It was all a bit of a damp squib in the end.
I’m not talking about this morning’s (20 March) solar eclipse - although for those of us in London at least, that was too a massive anticlimax - but George Osborne’s final pre-election Budget.
The fireworks of last year’s annuities bombshell were replaced by some thinly-veiled electioneering, a lot of fiscal engineering, and a few minor giveaways designed to build on the chancellor’s self-proclaimed ‘savings revolution’.
Oh, and an ill-conceived pensions tax raid that makes a mockery of this drive to get people saving for the longer term. Don’t forget that.
For what the good Lord Gideon giveth, he taketh away. Having announced a new allowance to lift the modest savings of most out of tax, alongside further tweaks to Isas to ease access restrictions and help those saving for a house deposit, he offset this generosity with a cut in the pensions lifetime allowance.

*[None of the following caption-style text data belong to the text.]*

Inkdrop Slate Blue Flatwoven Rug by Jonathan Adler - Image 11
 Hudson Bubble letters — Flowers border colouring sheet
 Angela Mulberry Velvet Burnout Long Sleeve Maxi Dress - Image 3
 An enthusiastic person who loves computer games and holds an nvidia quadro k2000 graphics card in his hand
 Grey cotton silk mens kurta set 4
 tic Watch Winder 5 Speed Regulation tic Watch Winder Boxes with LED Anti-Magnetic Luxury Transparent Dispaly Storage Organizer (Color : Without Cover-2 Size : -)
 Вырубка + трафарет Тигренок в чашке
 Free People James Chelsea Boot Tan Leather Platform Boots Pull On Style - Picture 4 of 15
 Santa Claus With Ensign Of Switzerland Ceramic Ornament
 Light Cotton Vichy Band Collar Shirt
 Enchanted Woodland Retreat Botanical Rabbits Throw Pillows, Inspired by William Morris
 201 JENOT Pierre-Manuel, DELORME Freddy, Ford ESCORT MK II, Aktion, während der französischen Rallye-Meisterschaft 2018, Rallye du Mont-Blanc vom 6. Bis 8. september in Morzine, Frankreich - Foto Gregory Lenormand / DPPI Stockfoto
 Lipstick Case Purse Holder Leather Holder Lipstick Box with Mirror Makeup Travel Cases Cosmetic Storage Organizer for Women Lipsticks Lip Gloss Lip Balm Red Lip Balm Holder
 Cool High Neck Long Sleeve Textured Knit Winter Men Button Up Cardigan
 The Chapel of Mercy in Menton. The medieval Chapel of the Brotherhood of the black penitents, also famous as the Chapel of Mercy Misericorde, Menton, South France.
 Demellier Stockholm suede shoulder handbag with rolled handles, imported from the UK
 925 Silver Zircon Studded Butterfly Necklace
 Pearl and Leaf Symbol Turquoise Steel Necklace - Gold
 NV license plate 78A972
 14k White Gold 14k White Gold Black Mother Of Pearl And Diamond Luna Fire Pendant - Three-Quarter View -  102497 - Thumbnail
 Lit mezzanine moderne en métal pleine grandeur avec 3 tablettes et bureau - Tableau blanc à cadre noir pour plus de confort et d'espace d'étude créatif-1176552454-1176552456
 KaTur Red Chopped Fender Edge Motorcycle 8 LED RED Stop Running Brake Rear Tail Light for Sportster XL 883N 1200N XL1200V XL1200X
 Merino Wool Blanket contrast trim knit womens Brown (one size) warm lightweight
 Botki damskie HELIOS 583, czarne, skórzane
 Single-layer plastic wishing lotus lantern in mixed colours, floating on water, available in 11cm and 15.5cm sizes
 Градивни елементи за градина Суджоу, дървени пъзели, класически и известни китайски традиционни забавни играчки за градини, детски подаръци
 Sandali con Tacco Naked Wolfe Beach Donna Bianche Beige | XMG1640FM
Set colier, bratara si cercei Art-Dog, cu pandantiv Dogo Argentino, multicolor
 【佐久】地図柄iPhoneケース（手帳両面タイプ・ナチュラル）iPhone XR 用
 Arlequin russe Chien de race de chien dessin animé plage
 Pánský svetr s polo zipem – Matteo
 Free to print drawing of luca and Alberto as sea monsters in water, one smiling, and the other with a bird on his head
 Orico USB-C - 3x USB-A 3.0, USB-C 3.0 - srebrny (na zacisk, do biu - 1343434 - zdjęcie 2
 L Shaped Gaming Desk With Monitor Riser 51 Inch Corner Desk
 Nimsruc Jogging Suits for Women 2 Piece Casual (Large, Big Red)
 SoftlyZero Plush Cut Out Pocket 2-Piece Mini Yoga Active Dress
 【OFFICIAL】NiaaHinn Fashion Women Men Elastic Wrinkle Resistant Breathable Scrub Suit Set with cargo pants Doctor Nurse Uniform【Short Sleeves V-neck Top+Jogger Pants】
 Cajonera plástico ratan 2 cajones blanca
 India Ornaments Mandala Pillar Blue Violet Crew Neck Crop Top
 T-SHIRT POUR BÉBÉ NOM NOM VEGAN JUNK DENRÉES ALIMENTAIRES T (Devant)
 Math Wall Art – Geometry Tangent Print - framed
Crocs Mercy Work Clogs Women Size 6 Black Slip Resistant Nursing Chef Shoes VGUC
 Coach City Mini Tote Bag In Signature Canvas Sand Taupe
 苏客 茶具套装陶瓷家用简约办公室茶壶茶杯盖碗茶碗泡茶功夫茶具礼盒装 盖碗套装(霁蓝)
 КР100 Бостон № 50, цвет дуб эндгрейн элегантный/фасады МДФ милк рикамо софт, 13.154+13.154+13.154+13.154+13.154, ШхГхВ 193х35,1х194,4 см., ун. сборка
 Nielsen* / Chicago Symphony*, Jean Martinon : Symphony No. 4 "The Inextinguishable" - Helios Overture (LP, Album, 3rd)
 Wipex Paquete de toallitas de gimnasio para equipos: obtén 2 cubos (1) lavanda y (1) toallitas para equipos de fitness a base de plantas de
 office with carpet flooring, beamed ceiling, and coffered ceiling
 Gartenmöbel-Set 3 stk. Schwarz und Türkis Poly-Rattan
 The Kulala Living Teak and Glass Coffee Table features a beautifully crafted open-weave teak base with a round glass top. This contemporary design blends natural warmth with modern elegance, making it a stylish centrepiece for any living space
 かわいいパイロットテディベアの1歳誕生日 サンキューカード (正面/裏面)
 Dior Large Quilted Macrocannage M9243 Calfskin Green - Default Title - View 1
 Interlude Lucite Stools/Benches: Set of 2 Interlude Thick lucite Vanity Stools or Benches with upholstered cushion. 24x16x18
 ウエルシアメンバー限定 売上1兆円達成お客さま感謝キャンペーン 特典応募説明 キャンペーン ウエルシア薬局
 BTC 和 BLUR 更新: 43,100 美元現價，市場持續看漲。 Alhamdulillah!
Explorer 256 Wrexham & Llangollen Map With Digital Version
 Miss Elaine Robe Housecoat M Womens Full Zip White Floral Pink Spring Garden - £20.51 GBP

The amount you can amass into a tax-relieved pension fund will be capped from next year at £1m, down from £1.25m. There will be ‘transitional protection’ for those with savings above this level already and long overdue indexation will be introduced from 2018.
It’ll transfer about £600m from a rapidly escalating pension tax relief bill back to the Treasury, but it’s priceless to the Tories in that it was one of several measures designed to blunt effective Labour attacks, in this case that the government has disproportionately helped the rich and the old.
Poppycock. It actually has the effect of undoing good work to incentivise saving from a younger age and reduce complexity in the pension system.
I understand that the books need to be balanced. It’s a fact that the pension tax bill has grown by £4bn a year in this parliament, with higher rate taxpayers benefitting more than most by claiming three-quarters of the relief for making half of the contributions.
A number of experts, as well as the Liberal Democrat pension minister Steve Webb, have called for a flat rate annual allowance to fix the problem, while actually abolishing the clumsy lifetime allowance.
Depending on where the flat rate was set, this too would have reduced the tax relief paid, while removing the arbitrage benefit for those that currently defer tax at the higher rate, only to later pay it on their lower retirement income at the basic rate.
Instead, we have a policy which experts reckon in no time will limit the eventual income an individual can take in retirement to sub-£30,000. Indexation will ameliorate the situation to a degree, but increasing the threshold at a targeted 2 per cent when most funds aim for growth well in excess of this is cold comfort.